╭──
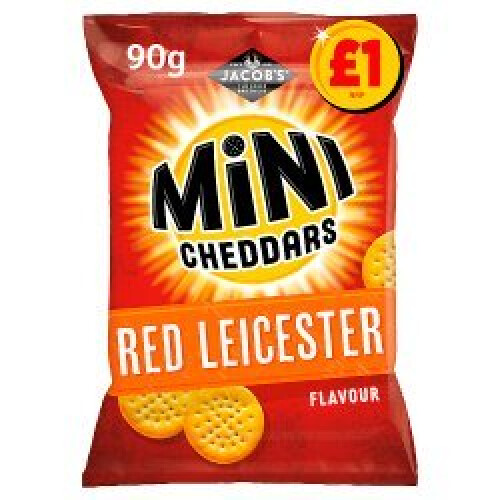 Jacob's Mini Cheddars Red Leicester Flavour 90g (Pack of 15)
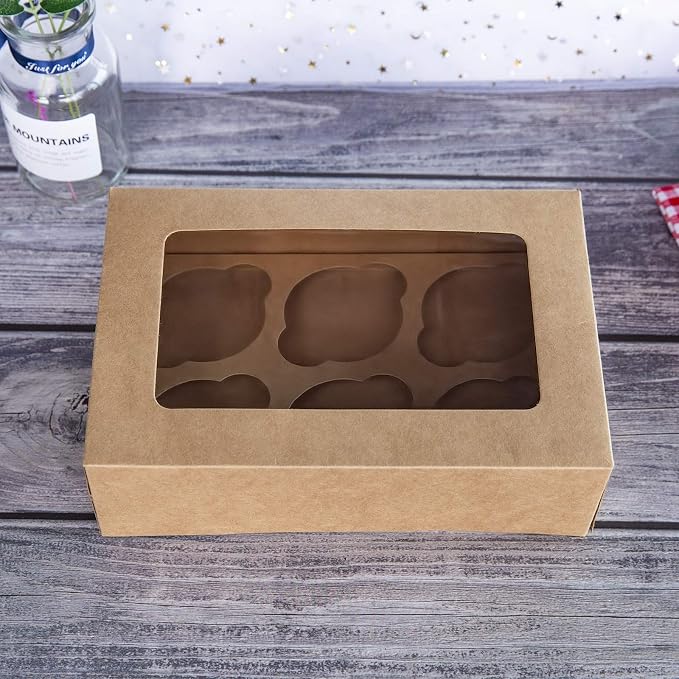 ONE MORE Cupcake Boxes with Inserts 6 Holders,9.5x6.3x3inch Large Brown Kraft Standard Bakery Boxes with Window Food Grade Cake Carrier Container for Muffins Gift Treat Box Bulk,Pack of 15
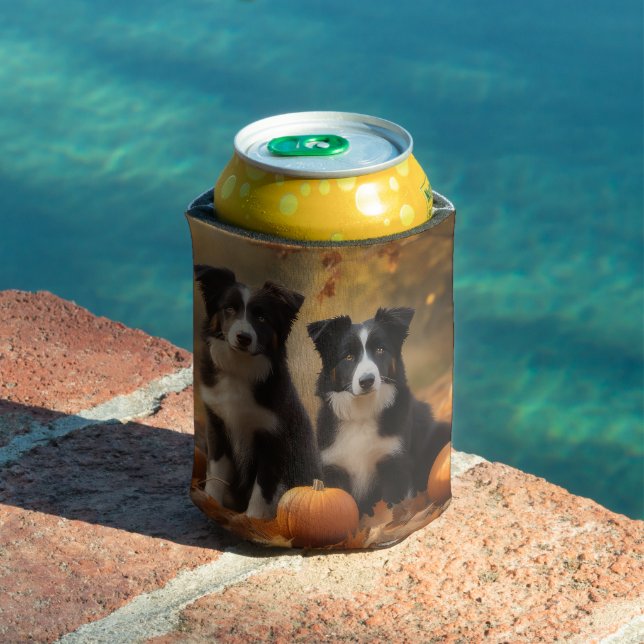 Border Collie Puppy Autumn Delight Pumpkin Can Cooler (In Situ Pool)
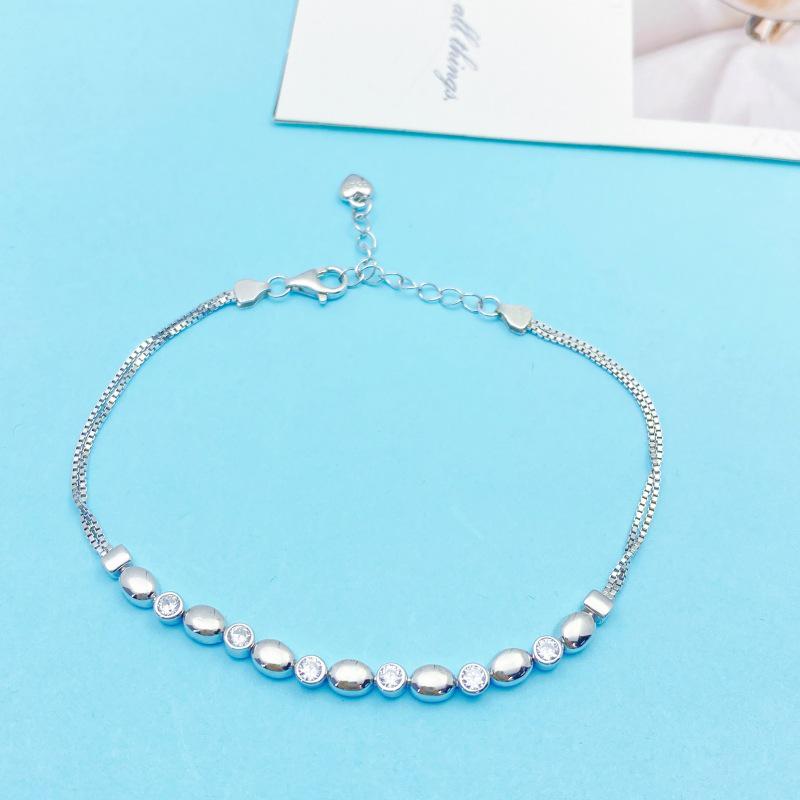 S925 Sterling Silver Round Bead Bracelet for Women, Elegant Korean Style, Versatile  Adjustable Jewelry. S925 Silver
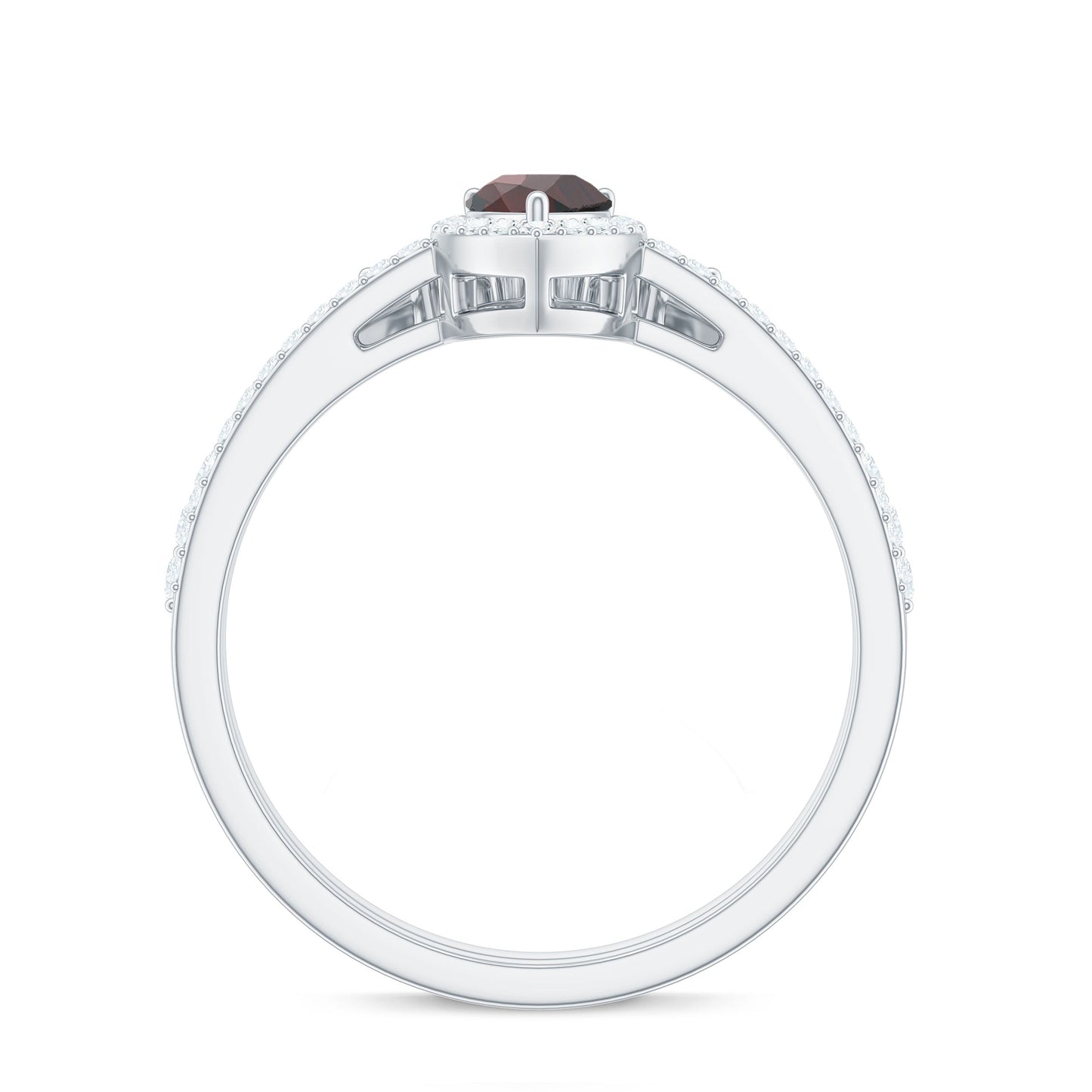 Natural 5X7mm Pear Shape Garnet Diamond Wedding Engagement Ring Set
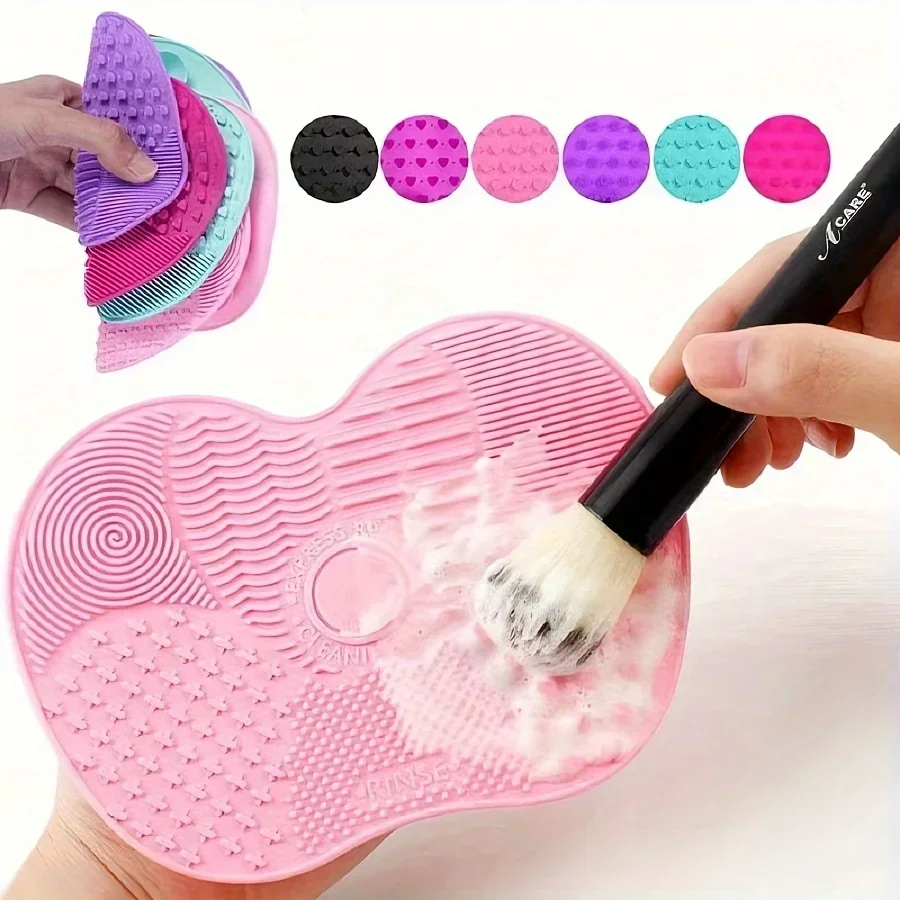 Apple-Shaped Silicone Scrub Pad with Suction Cup - Multicolor Makeup Brush Cleaner Mat,Formaldehyde-Free,Portable Beauty Tool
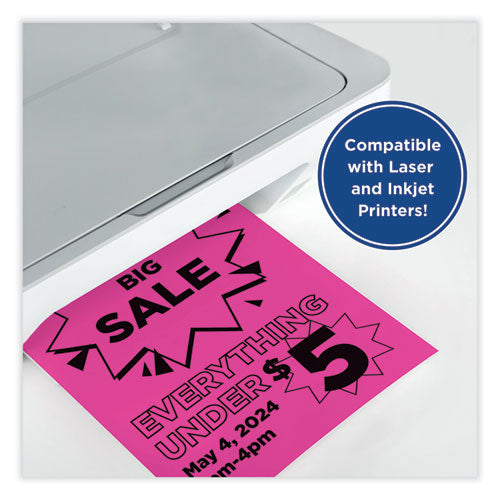 Image of PrintWorks® Professional Color Cardstock, 65 lb Cover Weight, 8.5 x 11, Fuchsia, 250/Ream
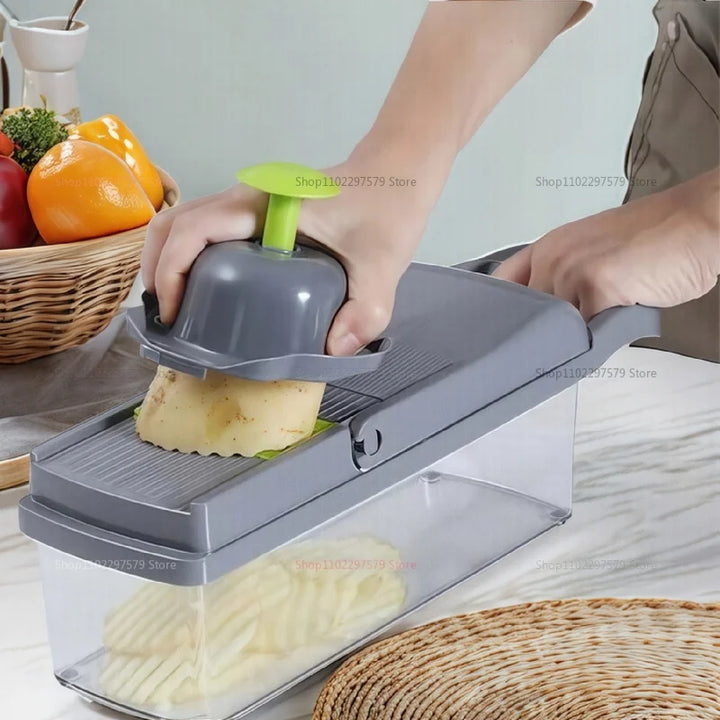 14/16 In 1 Vegetable Slicer Food Chopper Cutter Grater Cheese Onion Shredder Kitchen Tool for Carrots Tomatoes and Fruits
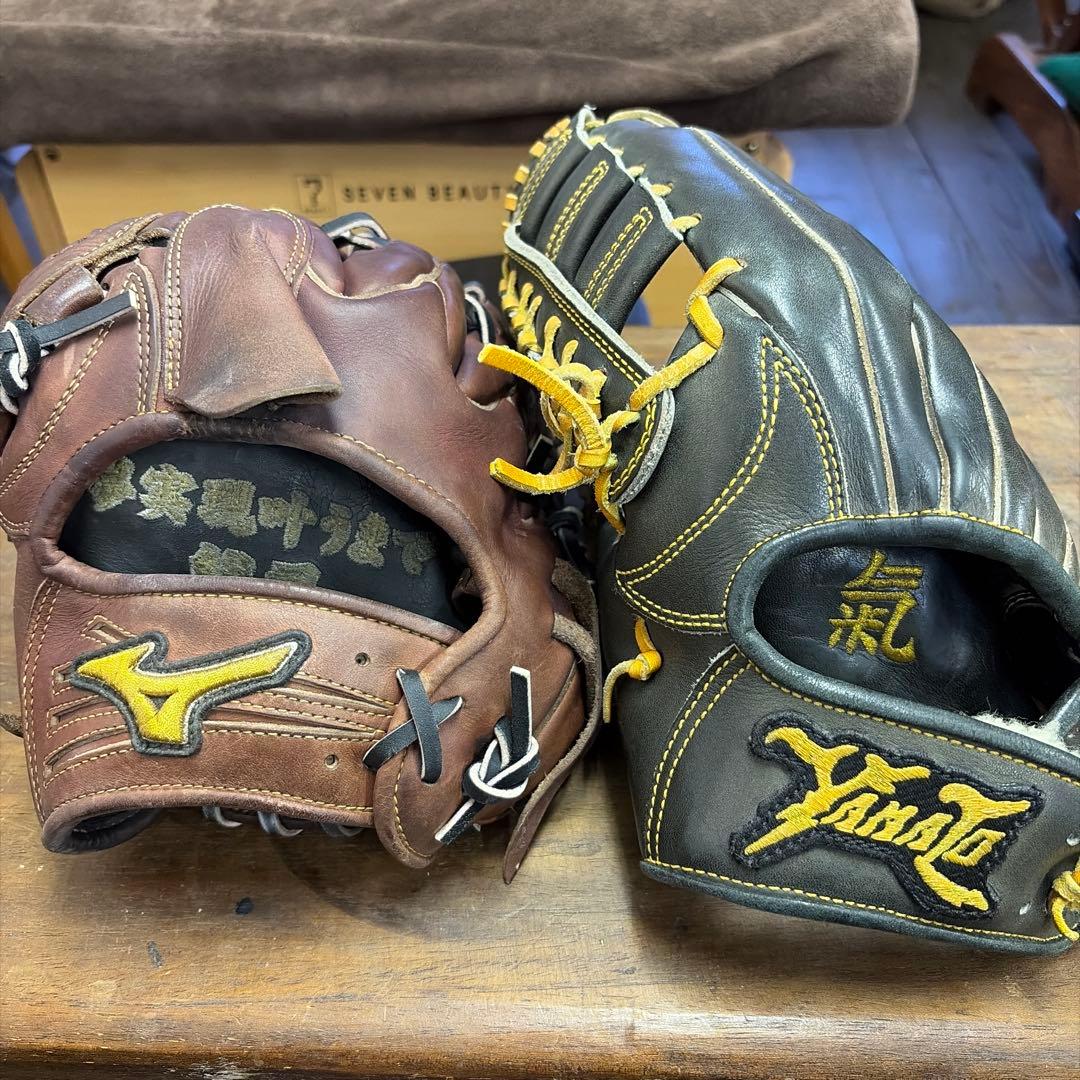 ミズノプロ硬式グローブ投手＆BBA硬式外野手グラブセット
╰──
» Prompt
Nothing is needed beyond an exact transcription of the lines from the one containing "14/16 In 1 Vegetable" to the end of the entries above, with the pictures omitted.

» Response to the exercise
 14/16 In 1 Vegetable Slicer Food Chopper Cutter Grater Cheese Onion Shredder Kitchen Tool for Carrots Tomatoes and Fruits
 ミズノプロ硬式グローブ投手＆BBA硬式外野手グラブセット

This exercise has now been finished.